It shocked many when last week, two protesters in the petrochemical-laden “Cancer Alley” region of Louisiana were arrested and charged under the state’s felony “terrorist” law. Their crime? Placing boxes of nurdles – plastic pellets that are the building blocks of many single-use plastic products – on the doorsteps of fossil fuel lobbyists’ homes. To make matters more ridiculous, the nurdles were illegally dumped by the petrochemical company Formosa Plastics. This is outrageous indeed, but is the sort of legally-sanctioned oppression that fossil fuel industry lobbyists have been successfully advocating for years.
American Fuel & Petrochemical Manufacturers (AFPM) stated in a letter of support for ALEC’s legislative efforts:
“In recent years, there has been a growing and disturbing trend of individuals and organizations attempting to disrupt the operation of critical infrastructure in the energy, manufacturing, telecommunications, and transportation industries. Energy infrastructure is often targeted by environmental activists to raise awareness of climate change and other perceived environmental challenges. These activities, however, expose individuals, communities, and the environment to unacceptable levels of risk, and can cause millions of dollars in damage … As the private sector continues to expand and maintain the infrastructure necessary to safely and reliably deliver energy and other services to hundreds of millions of Americans, policymakers should continue to consider how they can help discourage acts of sabotage … Finally, it will also hold organizations both criminally and vicariously liable for conspiring with individuals who willfully trespass or damage critical infrastructure sites.”
Those organizations deemed ‘criminally and vicariously liable’ would in some states face fines an order of magnitude greater than the actual individual, which would cripple margin-thin environmental groups around the country, and could amount to $100,000 to $1,000,000. The AFPM’s senior vice president for federal and regulatory affairs Derrick Morgan referred to these vicarious organizations as “inspiring … organizations who have ill intent, want to encourage folks to damage property and endanger lives …”
One of the most disturbing aspects of this legislation is that it could, according to the testimony and additional concerns of ACLU of Ohio’s Chief Lobbyist Gary Daniels, equate “‘impeding’ and ‘inhibiting’ the ‘operations’ of a critical infrastructure site” with acts as innocuous as Letters to the Editor, labor strikes or protests, attending and submitting testimony at hearings, or simply voicing your concern or objections to the validity of industry claims and its proposals with emails, faxes, phone calls, or a peaceful protest outside critical infrastructure that raises the concern of site security. Mr. Daniels noted in his additional written testimony that the latter, “may prove inconvenient to the site’s staff, under SB 250 they would be an F3 [Third Degree Felony], and that is without someone even stepping foot on or near the property, as physical presence is not required to be guilty of criminal mischief, as found in/defined in Sec. 2907.07(A)(7) of the bill.”

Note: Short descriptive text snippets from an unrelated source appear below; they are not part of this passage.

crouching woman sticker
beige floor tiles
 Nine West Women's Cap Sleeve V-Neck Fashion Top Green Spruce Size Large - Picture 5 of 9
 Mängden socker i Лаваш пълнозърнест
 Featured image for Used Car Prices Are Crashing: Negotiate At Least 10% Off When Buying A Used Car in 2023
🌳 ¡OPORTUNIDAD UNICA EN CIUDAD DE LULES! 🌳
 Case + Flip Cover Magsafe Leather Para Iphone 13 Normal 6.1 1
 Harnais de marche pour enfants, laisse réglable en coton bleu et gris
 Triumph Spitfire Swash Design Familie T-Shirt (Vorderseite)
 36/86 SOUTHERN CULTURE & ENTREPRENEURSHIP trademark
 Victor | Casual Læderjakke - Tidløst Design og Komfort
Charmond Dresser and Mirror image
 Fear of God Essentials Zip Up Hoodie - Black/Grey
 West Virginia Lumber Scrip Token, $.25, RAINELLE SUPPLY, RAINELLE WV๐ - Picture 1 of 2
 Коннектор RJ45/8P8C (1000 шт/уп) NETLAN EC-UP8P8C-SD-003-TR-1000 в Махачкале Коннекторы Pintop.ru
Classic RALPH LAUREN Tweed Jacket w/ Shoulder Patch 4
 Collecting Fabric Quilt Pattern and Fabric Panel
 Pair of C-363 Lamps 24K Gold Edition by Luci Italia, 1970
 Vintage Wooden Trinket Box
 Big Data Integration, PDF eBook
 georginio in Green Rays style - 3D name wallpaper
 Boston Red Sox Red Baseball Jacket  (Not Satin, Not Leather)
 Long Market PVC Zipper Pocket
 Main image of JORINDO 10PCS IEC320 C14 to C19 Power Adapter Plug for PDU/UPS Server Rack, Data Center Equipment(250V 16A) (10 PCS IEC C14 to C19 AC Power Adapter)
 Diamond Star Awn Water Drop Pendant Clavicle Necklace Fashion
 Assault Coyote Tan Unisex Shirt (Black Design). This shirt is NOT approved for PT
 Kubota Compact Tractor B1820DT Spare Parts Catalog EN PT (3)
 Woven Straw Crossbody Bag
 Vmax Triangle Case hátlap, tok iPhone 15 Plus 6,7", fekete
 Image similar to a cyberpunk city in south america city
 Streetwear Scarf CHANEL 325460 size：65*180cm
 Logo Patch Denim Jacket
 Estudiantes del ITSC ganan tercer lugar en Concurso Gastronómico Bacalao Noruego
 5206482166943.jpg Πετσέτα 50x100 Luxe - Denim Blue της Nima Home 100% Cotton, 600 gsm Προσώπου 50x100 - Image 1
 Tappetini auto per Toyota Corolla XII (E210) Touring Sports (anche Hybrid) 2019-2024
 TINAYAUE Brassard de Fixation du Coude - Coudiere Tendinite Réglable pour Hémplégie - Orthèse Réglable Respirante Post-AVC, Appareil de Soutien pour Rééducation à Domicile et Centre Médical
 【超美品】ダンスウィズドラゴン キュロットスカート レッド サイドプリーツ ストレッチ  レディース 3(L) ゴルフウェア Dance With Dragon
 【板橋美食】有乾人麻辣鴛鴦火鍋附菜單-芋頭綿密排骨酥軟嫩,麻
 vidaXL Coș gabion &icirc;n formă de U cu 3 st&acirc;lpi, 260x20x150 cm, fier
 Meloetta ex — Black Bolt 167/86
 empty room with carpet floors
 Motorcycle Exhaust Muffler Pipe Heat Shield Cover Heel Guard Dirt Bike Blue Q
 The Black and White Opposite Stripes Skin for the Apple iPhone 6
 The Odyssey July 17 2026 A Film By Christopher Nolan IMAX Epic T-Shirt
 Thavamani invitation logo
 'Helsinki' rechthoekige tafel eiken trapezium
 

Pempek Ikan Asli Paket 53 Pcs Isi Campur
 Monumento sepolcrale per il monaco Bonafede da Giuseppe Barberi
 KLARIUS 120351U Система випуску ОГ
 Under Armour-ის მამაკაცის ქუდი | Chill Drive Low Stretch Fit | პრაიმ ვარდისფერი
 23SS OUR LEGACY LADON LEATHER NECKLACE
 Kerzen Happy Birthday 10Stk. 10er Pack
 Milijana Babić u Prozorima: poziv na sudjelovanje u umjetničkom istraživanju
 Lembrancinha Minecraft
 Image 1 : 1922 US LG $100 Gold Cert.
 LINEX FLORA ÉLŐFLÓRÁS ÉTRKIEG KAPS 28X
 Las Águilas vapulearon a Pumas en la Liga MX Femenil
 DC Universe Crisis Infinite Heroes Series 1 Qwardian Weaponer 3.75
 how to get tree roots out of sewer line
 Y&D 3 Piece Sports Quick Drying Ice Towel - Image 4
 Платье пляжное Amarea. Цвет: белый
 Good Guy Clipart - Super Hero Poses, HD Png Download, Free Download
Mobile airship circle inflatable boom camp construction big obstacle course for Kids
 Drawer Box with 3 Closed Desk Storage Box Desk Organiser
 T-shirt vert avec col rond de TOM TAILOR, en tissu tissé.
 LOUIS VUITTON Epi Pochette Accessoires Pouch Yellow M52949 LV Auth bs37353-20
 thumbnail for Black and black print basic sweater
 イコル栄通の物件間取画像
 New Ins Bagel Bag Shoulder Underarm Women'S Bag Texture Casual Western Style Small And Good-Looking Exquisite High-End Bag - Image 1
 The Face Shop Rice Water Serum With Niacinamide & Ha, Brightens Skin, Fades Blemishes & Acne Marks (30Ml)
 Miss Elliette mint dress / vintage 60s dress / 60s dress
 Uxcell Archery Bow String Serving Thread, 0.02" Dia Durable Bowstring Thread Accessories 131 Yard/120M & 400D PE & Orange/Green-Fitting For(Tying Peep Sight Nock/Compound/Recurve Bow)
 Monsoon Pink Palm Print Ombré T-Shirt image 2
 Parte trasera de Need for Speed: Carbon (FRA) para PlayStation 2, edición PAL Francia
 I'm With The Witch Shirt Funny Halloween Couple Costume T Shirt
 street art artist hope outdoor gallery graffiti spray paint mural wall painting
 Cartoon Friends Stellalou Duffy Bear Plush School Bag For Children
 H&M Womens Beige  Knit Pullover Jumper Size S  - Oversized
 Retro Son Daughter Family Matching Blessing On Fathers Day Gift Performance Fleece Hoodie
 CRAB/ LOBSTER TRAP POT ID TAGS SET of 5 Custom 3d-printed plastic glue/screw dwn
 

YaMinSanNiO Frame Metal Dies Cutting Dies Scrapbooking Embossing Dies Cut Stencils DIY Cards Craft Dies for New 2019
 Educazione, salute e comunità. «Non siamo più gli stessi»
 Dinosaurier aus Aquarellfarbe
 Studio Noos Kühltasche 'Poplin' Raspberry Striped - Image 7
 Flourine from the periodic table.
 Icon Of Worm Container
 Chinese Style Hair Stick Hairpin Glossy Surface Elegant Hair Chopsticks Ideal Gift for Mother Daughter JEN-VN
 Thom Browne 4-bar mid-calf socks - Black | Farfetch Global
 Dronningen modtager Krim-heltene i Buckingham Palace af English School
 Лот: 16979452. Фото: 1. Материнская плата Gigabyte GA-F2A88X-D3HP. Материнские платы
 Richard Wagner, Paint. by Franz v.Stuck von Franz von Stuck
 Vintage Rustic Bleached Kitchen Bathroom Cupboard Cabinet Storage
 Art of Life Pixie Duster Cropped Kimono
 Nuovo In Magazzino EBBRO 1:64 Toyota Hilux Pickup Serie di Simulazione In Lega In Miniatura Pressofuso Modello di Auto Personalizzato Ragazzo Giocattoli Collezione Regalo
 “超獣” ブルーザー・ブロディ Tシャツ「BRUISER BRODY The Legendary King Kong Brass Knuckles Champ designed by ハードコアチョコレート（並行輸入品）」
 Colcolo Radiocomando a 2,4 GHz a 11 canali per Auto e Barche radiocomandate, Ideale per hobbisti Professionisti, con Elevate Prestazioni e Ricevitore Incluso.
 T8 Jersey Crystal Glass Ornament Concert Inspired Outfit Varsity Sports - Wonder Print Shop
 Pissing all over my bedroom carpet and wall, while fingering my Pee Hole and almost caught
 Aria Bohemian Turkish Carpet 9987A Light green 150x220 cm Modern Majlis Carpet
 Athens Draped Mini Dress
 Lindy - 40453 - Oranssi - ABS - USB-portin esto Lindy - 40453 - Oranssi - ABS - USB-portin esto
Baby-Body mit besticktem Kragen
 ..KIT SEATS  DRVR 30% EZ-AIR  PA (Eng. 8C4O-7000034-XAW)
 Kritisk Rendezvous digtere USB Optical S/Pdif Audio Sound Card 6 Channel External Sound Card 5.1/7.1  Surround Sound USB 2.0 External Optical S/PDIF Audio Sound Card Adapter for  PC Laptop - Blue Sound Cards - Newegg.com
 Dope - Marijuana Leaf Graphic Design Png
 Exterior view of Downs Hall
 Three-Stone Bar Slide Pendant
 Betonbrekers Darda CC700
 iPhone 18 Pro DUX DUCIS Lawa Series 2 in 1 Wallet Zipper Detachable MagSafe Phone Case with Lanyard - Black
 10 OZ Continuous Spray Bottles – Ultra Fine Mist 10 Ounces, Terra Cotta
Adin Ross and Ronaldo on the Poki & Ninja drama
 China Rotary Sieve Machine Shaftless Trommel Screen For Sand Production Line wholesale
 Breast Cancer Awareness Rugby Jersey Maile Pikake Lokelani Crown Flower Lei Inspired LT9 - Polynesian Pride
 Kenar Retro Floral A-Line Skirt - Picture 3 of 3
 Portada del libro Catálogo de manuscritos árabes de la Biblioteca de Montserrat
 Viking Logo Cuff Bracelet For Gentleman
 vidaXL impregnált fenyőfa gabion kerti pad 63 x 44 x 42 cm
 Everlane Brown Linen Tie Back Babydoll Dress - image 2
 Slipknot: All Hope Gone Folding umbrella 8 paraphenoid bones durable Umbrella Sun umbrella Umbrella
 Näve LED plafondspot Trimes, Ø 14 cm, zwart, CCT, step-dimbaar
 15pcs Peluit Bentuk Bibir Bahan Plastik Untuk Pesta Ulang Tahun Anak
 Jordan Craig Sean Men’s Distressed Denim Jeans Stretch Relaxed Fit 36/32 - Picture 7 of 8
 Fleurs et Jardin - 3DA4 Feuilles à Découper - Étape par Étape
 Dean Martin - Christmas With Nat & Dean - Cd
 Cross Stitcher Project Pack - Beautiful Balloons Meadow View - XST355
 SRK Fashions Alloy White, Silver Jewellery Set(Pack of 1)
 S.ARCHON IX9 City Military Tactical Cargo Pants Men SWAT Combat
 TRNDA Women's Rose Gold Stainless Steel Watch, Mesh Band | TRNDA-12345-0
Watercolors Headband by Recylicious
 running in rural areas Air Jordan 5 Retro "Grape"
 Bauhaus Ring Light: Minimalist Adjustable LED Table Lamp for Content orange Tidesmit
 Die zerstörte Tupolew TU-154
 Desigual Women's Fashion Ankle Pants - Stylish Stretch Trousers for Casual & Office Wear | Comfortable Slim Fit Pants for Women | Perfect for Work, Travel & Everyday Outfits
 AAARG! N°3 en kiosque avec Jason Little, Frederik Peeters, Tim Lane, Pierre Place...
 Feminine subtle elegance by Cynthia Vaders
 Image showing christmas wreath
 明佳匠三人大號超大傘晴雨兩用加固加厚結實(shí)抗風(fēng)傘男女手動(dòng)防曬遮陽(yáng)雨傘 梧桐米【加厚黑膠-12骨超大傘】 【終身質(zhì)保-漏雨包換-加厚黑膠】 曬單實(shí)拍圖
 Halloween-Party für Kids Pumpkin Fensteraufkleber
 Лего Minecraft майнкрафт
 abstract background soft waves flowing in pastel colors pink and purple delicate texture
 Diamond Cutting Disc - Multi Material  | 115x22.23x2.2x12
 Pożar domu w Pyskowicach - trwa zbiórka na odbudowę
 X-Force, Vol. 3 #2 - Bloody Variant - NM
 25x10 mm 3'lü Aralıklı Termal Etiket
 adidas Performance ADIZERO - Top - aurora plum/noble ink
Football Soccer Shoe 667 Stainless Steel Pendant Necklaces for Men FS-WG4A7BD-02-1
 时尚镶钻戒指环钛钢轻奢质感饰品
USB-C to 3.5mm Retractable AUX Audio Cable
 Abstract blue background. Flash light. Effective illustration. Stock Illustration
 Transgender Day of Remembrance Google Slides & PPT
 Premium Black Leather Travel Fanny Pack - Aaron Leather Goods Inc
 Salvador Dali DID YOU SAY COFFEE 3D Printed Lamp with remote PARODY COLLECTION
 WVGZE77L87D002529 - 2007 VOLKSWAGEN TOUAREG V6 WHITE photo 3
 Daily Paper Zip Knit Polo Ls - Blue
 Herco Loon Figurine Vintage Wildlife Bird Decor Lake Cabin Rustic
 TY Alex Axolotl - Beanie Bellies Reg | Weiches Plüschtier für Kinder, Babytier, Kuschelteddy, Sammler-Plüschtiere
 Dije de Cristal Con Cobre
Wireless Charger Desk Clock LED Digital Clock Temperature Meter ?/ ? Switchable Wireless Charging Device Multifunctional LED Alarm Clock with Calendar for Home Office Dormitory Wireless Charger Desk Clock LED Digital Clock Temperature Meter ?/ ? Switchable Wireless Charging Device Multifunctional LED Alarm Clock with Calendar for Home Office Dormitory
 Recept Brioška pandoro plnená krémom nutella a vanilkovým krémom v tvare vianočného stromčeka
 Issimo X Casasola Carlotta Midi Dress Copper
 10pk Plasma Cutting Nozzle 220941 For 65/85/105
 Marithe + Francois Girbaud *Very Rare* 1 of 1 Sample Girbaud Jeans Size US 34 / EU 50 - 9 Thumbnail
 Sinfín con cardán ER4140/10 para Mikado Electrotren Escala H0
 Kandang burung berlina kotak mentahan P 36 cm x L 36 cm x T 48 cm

Figure 3. A rally held by the Louisiana-based nonprofit RISE St. James.
This connection, when enshrined into law, will have a chilling effect on freedom of speech and assembly, and will stop protests or thoughtful lines of questioning before they even start. As the Ohio Valley Environmental Coalition (OVEC) put it in their request for residents to ask the governor to veto the now-enacted HB 4615, such a bill is unnecessary, duplicative, deceitful, un-American, unconstitutional, and “will further crowd our jails and prisons.”
To combat such industry-friendly legislation that erodes local government control in Ohio, lawmakers like State Senator Nikki Antonio are introducing resolutions like SR 221, which would, “abolish corporate personhood and money-as-speech doctrine” made law by the Supreme Court of the United States’ rulings in Citizens United v. FEC and Buckley v. Valeo. After all, the overarching impact of ALEC’s efforts and those described below furthers privatized, short-term profit and socialized, long-term costs, and amplifies the incredibly corrosive Citizen’s United decision a little over a decade ago.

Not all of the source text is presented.